A new committee of 19 members was just approved. They will be responsible for recommending a name for the university and eventually send out a survey to residents for their input.
In a meeting today, Dixie State University’s Board of Trustees put together a committee to provide public input and make a formal name recommendation to the board. The goal is to align with House Bill 278, known as the “Name Change Process for Dixie State University.”
“They gave some specific instructions to us on how we’re supposed to proceed with the potential name change, so the first thing we were supposed to do was select a committee,” says Tiffany Wilson the Vice Chair of Board of Trustees for Dixie State University.
The Name Recommendation Committee includes students, staff from the university, community members and industry leaders.
“We also had a chance to walk in and speak with the state board of education who was having meetings on campus and that was part of the process as well, to have a consultation with them,” says Wilson.
University leaders say the group of 19 will begin working Monday. It will also work with a third party to seek suggestions from Utanhs through an open survey and conduct focus groups.
“When the house bill was passed, they included a provision that if we do not have Dixie in the name, they are allotting 500,000 dollars to create a heritage fund,” says Wilson.
Tiffany Wilson says the institution still wants to preserve the heritage that comes with the university’s name.

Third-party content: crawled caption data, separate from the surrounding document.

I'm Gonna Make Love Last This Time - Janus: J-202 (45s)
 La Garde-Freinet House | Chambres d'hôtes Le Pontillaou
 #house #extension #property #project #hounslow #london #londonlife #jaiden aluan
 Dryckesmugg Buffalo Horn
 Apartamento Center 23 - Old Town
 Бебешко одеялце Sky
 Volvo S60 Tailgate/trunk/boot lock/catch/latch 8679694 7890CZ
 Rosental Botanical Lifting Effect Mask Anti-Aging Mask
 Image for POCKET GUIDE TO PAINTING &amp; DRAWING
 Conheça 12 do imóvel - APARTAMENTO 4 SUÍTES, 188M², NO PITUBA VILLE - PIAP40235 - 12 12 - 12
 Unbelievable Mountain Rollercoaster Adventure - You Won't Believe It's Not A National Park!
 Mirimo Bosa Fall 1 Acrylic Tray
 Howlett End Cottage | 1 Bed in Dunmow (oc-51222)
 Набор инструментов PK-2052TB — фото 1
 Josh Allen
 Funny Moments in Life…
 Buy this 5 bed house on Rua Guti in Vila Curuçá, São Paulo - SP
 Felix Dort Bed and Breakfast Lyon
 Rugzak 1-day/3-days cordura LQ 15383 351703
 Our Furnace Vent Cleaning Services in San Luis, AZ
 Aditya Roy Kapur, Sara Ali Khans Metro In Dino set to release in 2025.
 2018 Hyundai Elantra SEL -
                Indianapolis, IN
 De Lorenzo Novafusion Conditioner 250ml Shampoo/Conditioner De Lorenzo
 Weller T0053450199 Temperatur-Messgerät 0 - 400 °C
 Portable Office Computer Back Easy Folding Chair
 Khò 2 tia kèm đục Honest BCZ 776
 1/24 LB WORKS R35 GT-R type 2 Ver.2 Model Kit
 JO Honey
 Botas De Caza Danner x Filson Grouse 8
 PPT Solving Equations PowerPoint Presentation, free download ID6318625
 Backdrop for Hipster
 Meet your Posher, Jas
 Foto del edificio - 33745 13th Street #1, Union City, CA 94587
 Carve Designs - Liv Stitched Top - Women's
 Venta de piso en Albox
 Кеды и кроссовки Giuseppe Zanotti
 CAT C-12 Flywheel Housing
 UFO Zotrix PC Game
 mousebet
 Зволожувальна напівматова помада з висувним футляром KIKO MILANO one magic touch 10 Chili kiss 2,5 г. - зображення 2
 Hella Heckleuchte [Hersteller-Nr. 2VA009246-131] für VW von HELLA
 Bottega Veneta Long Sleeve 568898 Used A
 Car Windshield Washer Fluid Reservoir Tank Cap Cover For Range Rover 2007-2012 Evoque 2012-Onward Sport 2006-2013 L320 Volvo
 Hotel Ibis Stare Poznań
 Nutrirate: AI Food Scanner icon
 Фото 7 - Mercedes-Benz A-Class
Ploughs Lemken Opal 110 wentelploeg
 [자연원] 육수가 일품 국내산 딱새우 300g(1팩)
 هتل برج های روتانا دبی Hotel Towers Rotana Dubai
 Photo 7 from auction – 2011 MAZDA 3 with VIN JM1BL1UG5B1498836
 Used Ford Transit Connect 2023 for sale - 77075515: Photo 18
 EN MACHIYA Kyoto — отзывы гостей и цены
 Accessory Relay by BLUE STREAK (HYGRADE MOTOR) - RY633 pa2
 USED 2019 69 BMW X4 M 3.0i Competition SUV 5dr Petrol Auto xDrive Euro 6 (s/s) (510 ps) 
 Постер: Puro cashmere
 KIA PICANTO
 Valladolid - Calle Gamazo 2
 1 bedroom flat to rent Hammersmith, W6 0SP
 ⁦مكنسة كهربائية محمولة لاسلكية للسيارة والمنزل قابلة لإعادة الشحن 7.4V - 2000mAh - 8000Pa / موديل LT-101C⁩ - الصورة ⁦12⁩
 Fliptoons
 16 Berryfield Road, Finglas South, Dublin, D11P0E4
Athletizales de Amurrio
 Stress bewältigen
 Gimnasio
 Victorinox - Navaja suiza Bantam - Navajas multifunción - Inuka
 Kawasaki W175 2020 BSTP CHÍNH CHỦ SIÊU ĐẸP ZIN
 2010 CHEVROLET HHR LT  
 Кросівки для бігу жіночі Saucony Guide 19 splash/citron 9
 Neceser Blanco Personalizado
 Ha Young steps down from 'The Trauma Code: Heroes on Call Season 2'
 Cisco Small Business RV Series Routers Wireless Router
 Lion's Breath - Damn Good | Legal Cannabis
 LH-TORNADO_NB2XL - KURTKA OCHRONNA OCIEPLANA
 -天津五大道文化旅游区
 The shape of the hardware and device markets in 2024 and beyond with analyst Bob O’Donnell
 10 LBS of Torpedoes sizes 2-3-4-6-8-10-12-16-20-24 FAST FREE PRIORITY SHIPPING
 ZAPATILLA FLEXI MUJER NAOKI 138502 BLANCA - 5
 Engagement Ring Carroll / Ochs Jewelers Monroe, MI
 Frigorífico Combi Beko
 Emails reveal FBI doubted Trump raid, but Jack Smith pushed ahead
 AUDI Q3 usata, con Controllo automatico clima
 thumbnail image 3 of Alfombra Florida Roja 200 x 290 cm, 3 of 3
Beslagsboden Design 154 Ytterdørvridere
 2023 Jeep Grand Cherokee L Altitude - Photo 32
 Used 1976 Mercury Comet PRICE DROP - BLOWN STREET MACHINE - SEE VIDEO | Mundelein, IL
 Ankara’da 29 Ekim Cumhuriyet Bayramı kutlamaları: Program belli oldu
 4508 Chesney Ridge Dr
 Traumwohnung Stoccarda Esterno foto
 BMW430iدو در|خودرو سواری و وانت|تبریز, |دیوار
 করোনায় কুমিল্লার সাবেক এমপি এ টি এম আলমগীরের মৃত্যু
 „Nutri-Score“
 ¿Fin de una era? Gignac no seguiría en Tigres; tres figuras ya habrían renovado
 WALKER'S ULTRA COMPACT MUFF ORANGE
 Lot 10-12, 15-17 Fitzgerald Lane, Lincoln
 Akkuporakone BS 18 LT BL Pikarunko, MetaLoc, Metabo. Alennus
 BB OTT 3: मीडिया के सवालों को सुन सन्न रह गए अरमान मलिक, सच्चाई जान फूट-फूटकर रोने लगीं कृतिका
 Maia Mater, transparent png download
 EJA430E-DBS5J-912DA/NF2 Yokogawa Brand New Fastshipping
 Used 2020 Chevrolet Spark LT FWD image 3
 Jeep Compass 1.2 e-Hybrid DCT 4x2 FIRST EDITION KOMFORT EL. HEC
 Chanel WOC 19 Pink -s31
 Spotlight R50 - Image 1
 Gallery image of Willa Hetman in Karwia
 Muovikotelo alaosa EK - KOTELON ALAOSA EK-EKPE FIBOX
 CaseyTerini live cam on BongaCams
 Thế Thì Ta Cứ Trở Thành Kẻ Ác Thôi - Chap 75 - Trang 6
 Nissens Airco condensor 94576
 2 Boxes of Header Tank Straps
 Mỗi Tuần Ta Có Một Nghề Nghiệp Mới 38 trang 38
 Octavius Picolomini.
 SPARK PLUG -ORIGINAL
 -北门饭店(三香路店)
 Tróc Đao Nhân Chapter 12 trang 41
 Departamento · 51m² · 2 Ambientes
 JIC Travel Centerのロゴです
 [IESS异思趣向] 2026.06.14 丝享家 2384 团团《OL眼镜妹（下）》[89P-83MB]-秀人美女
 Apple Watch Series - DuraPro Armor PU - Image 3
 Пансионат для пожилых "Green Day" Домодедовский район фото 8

“I love and honor my Dixie heritage, and I also believe it’s time for the name of the university to change, those things are able to happen at the same time and I hope our community can learn to embrace those ideas together,” says Wilson.
The recommendation will be reviewed by the board of trustees, then go to the Utah Board of Higher Education.
If the board approved the committee’s name recommendation, according to HB 278, it will vote whether or not to recommend the name to the Utah Legislative Management Committee by November 1.